Young pulsars like PSR B0540−69 tend to be more active (e.g., showing more glitches and timing noise); therefore, their timing properties seem to be more irregular (e.g., Dib & Kaspi 2014). Indeed, Livingstone et al. (2005) and Ferdman et al. (2015) found some glitches and relatively large timing noise. The latter is a particular concern in the results of Marshall et al. (2016) because they did not find any timing noise. Non-detection of timing noise in their work implies that the pulsar timing noise was significantly smaller in 2015 than in 2010. Marshall et al. (2016) noted that there could be small timing noise but it would not change their results significantly. Alternatively, it is also possible that there was significant timing noise in 2015–2016, but the 500-day observations could not distinguish between the real timing behavior (timing solution) and the long-term timing noise because the baseline (~500 days) was too short.1 In this case, their timing solution would have been biased due to the noise. The characteristic time scale of the timing noise in PSR B0540−69 was ~700 days (e.g., Ferdman et al. 2015), and hence, if this trend persisted, timing noise can be characterized only by using data with a > 700-day baseline. Thus, the timing behavior of PSR B0540−69 described by the Swift observations needs to be re-investigated carefully.
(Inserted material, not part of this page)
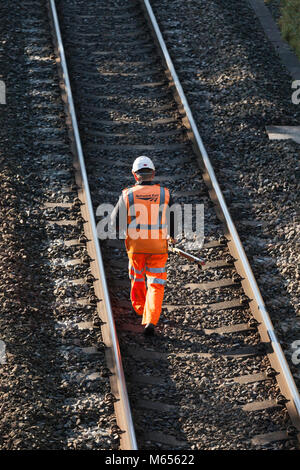 A591 (au nord de Bénodet) conduite d'inspection visuelle hebdomadaire de la ligne de chemin de fer, la ligne est fermée jusqu'à 1030 un dimanche pour cette raison Banque D'Images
There are several ways to determine a pulsar timing solution. Here we considered two methods: direct period measurements for the individual time series and phase connection. The former uses the Z12-test (de Jager et al. 1989) to measure the periodicity in individual observations. This is a robust method for period detection that is insensitive to minor irregularities but also to the timing properties. Phase connection is more sensitive to timing noise because it uses both the periodicity and the pulse shape, but requires the observations to be inspected within specific time intervals. The observation data that we use satisfied the time-interval requirement for the phase connection method; therefore, we used this more sensitive technique which enabled us to measure ν¨ and the timing noise. The aforementioned two methods may result in different solutions when the baseline is long and the pulsar exhibits a timing anomaly during the observations (e.g., An et al. 2013).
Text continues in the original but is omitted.